Seward Airport is a state-owned, public-use airport located 2 nmi northeast of the central business district of Seward, a city in Kenai Peninsula Borough of the U.S. state of Alaska. This airport is included in the FAA's National Plan of Integrated Airport Systems for 2011–2015, which categorized it as a general aviation facility.

==History==
The airport was built during World War II. It was named Walseth Air Force Base in honor of Major Marvin E. Walseth, a United States Army Air Forces pilot who died when his aircraft crashed on Umnak in July 1942 while returning from a reconnaissance mission over Kiska. It was closed by the United States Air Force in April 1947. It was excessed to the War Assets Administration and taken over by the Territory of Alaska.

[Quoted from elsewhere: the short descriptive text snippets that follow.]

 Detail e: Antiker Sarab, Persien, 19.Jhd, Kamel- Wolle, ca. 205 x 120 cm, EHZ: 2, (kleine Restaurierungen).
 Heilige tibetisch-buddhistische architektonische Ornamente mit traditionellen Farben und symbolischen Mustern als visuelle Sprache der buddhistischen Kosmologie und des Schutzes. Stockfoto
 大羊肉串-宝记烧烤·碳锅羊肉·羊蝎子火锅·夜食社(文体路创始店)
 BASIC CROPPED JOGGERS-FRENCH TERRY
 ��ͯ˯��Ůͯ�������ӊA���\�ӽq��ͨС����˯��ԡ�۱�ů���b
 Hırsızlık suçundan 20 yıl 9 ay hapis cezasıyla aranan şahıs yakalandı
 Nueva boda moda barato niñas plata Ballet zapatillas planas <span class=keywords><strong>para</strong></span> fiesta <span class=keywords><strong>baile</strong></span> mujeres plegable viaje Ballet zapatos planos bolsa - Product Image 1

The airport previously had scheduled passenger service to Anchorage (ANC) provided by several commuter air carriers over the years but does not have airline flights at the present time.

== Facilities and aircraft ==
Seward Airport covers an area of 302 acre at an elevation of 22 ft above mean sea level. It has two asphalt paved runways: 13/31 is 4,240 by 100 ft and 16/34 is 2,279 by 75 ft.

For the 12-month period ending December 31, 2009, the airport had 10,510 aircraft operations, an average of 28 per day: 57% general aviation, 43% air taxi, and <1% military. At that time there were 25 single-engine aircraft based at this airport.